DATA TO PROCESS: Begin

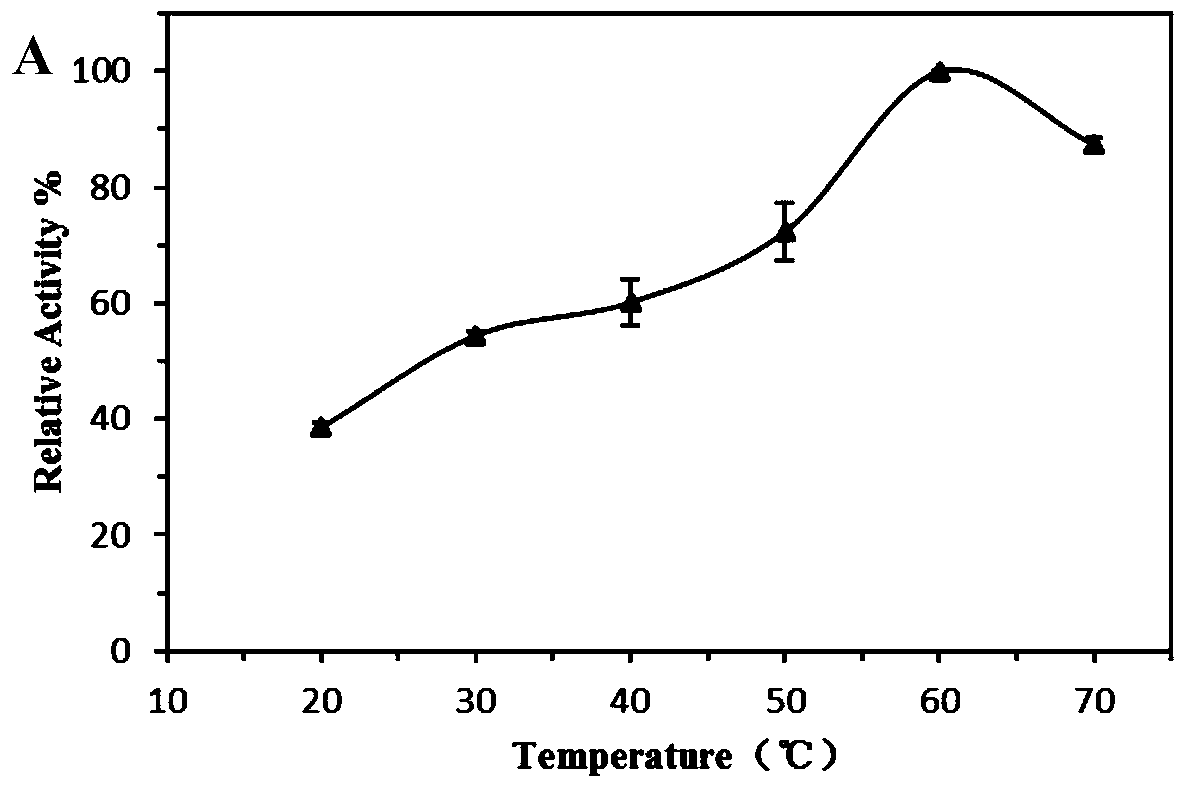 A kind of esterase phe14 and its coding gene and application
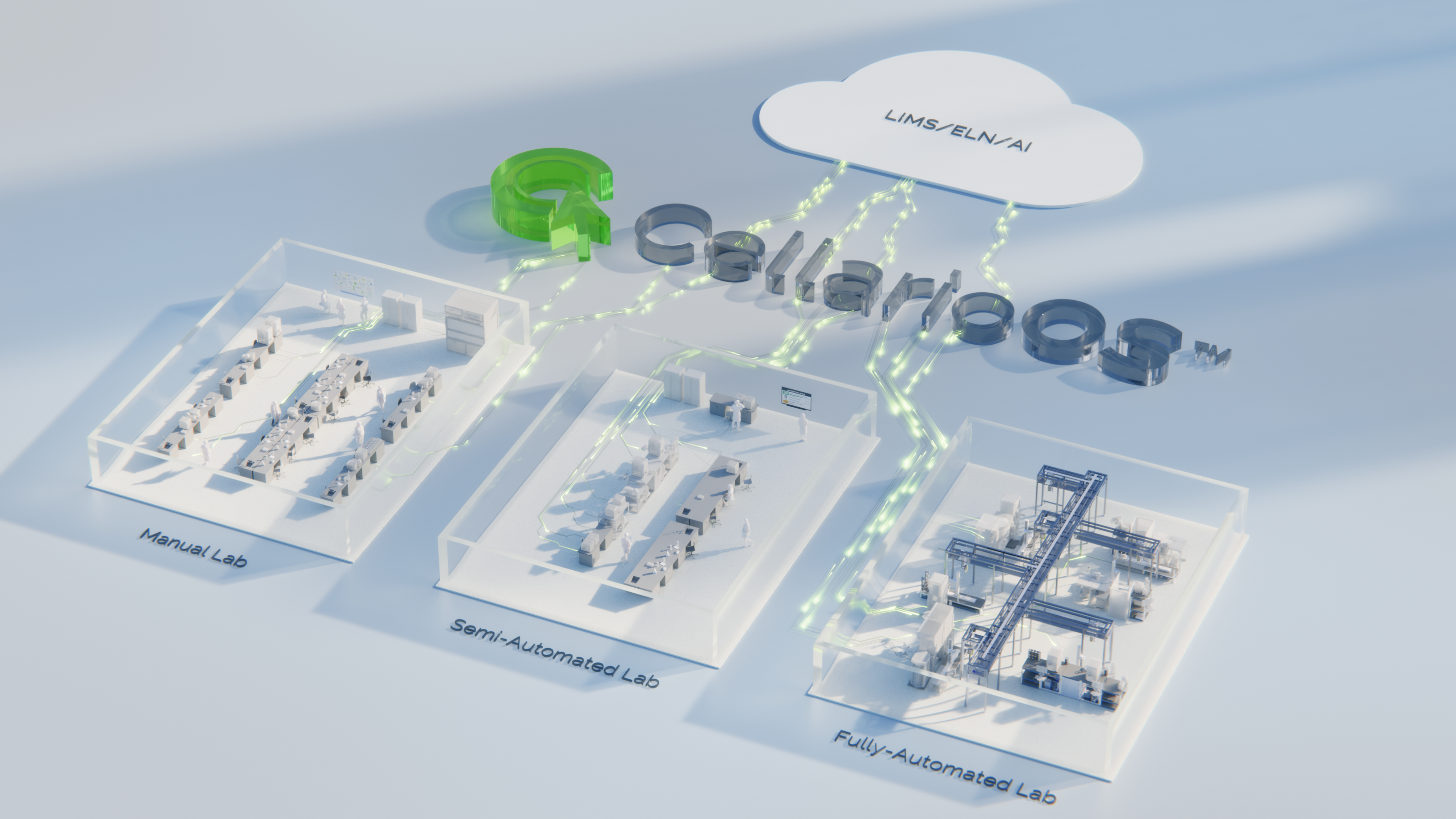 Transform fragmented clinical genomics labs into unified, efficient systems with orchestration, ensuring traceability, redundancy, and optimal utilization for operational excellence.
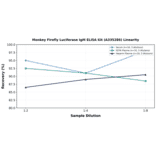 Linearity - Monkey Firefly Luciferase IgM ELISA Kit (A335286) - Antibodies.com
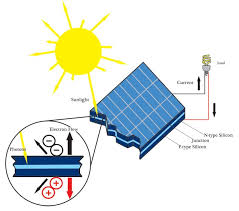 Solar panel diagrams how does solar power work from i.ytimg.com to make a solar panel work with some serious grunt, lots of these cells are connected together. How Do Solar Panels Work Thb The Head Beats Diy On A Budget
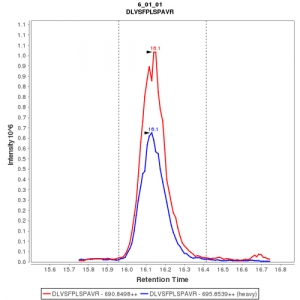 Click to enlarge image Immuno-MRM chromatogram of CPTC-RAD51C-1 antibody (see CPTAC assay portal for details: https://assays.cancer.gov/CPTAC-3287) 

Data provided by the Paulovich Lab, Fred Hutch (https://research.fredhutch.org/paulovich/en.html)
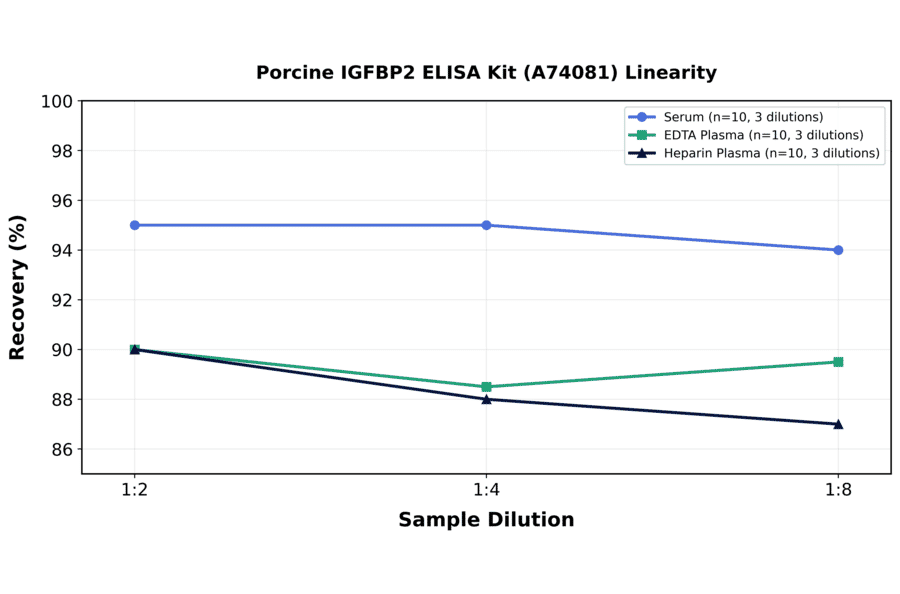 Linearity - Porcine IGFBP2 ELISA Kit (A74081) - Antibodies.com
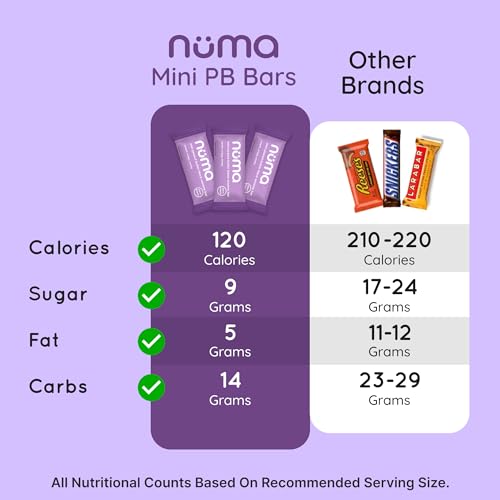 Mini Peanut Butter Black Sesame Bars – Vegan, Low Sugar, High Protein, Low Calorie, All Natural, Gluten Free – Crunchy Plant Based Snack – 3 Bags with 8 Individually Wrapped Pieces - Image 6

DATA TO PROCESS: End

### REQUIREMENT
Please write out the lines from the one that holds "Linearity - Porcine" through the end of the material, both ends included, exactly and with no pictures.

### COMPLETED EXERCISE
 Linearity - Porcine IGFBP2 ELISA Kit (A74081) - Antibodies.com
 Mini Peanut Butter Black Sesame Bars – Vegan, Low Sugar, High Protein, Low Calorie, All Natural, Gluten Free – Crunchy Plant Based Snack – 3 Bags with 8 Individually Wrapped Pieces - Image 6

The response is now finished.